I bought the house with an nice 200 amp service and the kitchen rewired - but there is a 1 inch conduit from that to the original tube fuse center - and there, the modern wire is simply soldered to the old to run the remainder of this little place.

So yes I currently have active wire buried in blow in insulation - and its been like that for more than 20 years.

Suggestions???
 
Sting,
I guess I would take the long monotonous route of removing and re doing the wiring. I suppose it's been that way for a long time but I'd still be a little nervous. Have you had any trouble with insurance ? I know it's existing but I wonder if they would ever find a way to weasel out of your policy coverage because of it being buried? There is no fast or easy solution but with it gone you could do a safe and thorough job of the insulating.
 
Knob and tube is one of the safest wiring methods ever devised, problem being its old, old old. Think of the high voltage over your heads on the poles, its all pretty much knob and tube.
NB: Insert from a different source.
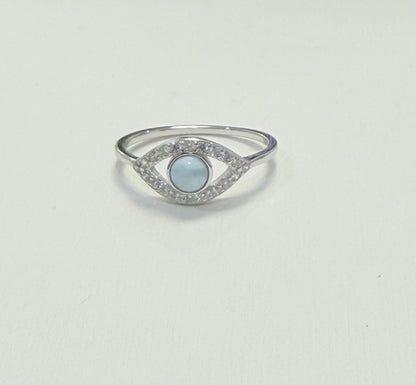 S885- NEW .925 Larimar Evil Eye Ring (W.G)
That being said, that old wiring should come out, and romex incorporating a ground should be installed.
 
stephenmoore said:
ihookem said:
Yes, Stephenmoore, I have 4" of closed cell foam in the walls. I have the rim joists sprayed in the basement also. That really helps alot. In the attic between the 8" energy saver trusses I have it foamed shut except for the vents. between the trusses. I also have 20" of cellulose in the attic. I do not have an air exchanger in the house yet. I might have to get one though. I do have outside air intake going to the cold air duct in the basement and don't think it's enough. My windows get moister on them real fast and front door is starting to stick. I have been running the bathroom fans every day for a while and that helps. Later, ihookem.
Yeah, I hear you, foam is the way to go. I would definitely add an air exchanger to the equation, it will really help with the moisture in the winter. My house is 50 years old and I foamed it all and the air exchanger pulls a lot of moisture out and keeps fresh air coming in which is nice, I notice my allergies seem better too. Good luck.

If you have moisture problems in a well insulated house your HVAC is over-sized not running and taking moisture out of the air.
If you have 2 units run one at a different setting so it will do most of the work and run longer.
you will not need an air exchanger unless your house is very small, even a foam house will leak air from windows and doors, fart fans, walking in and out.


Cellulose spray will out preform fiberglass in every application, batts are like using a blanket with holes in it LOL
 
What do you mean by running two units ? Fans or HRV's ? I don't think I've ever heard of a house with two HRV's. What do you mean by a small house, 1200 sq.feet ?
 
I lose a lot of heat to my non-insulated drop down attic stairs. I live in a split with no garage, so I need to be able to access the attic for storage.

I had been thinking about the attic tent as a solution...has anyone tried this? Is there a cheaper way to insulate/seal the stairs while still being able to access the attic all winter?
 
Highbeam said:
The blown in will be done in a half hour where rolling out and cutting the rolls is extremely labor intensive in comparison. Consider the edges of the attic near the eaves. There is a taper in that area and you can either stop short with the rolls or cut each one like a wedge. Ugh.

Crazy to think that the blown in insulation will somehow migrate to the living space. Don't you guys have ceilings?